Try doing a daily gratitude Snapchat/Instagram story (instead of a journal) for a month. I did, and my friends often replied with whatever they were grateful for that day. I noticed improvements in my confidence, mood and communication skills. I also liked the feeling of the video vanishing, starting all over again and not repeating, because I know my friends are watching!
— Nicole Ellis
I have a very simple rule. I'm not allowed to watch any sports on TV unless I'm on my stationary bike or otherwise working out. Tired of biking? Off goes the TV. No couch potato tolerance.
— David Filipov
Go to the gym after work.
I'm not a morning person. So, I've given up on efforts to propel my half-awake self to the gym before dawn. It's much easier and more efficient to go after work. Toss a T-shirt, a pair of workout pants and athletic shoes and socks into a bag — less time-consuming and stressful than packing everything needed to go on to the office. Now I'm forced to get to work earlier — I get more done with fewer distractions — so I can get out earlier. I'm using my gym membership more, and though I haven't lost as much weight as I would like, I'm more fit.
— Elizabeth Chang
Take a yoga class. I've been taking one twice a week for about a year, and I still can't do all the poses — crow and warrior 3 will always elude me, I'm afraid — but I've stuck with it. For that one hour of class, I can't think about anything else (even if I want to), or I'll lose my balance. In this super-achieving part of the country, it's a good reminder that you don't have to do everything perfectly.
Compliment someone. When I'm feeling particularly awful about the world, I make a point of saying something nice to a friend on Facebook, a colleague at work or even a stranger. It puts me in a better frame of mind and hopefully makes their day a little better, too. — Lisa Lednicer
Try a different "challenge" every month instead of one year-long resolution. I did this for an entire year, abstaining from drinking alcohol for one month, talking to a stranger every day for another month, tackling my finances.
Use apps to help meditate. I started meditating daily using a free app called InSight Timer. It helps with self-guided meditations, or choose from a wide variety of guided meditations. Recently I bought a HeartMath monitor for meditating. You plug a small device into your phone, put a clip on your earlobe (to monitor your heart rate) and breathe deeply with the app. It helps keep track of your heart rate and helps "train" your breathing. It's supposed to reduce stress.
— Rachel Orr
Become a minimalist. There's something really calming about not having a whole lot of clutter around my work space and home, so I'm always looking for ways to remove things that no longer serve me. — Macy Freeman
We're told to launch the day with brisk physical emphasis.
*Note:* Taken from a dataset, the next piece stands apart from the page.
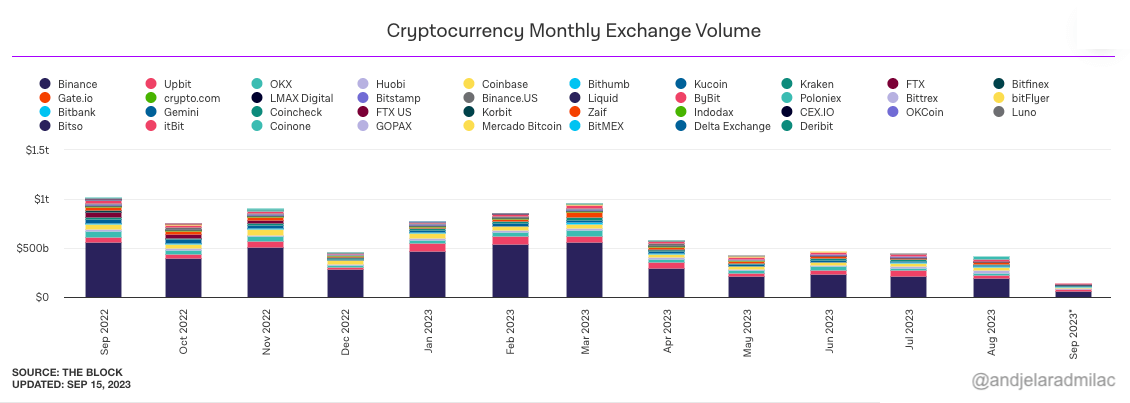 monthly exchange trading volume across centralized crypto exchanges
Get to the gym, go for a run, take a walk. It's equally nice to treat your mind to wonderful writing, fiction, inspired prose, poetry, bracing nonfiction, not the phone. Please not the phone. Gives you a quiet, inspiring, intellectual beginning of the day, too.
Make water the last beverage you drink before sleep and the first of the morning. I have no idea why this feels right, but it does.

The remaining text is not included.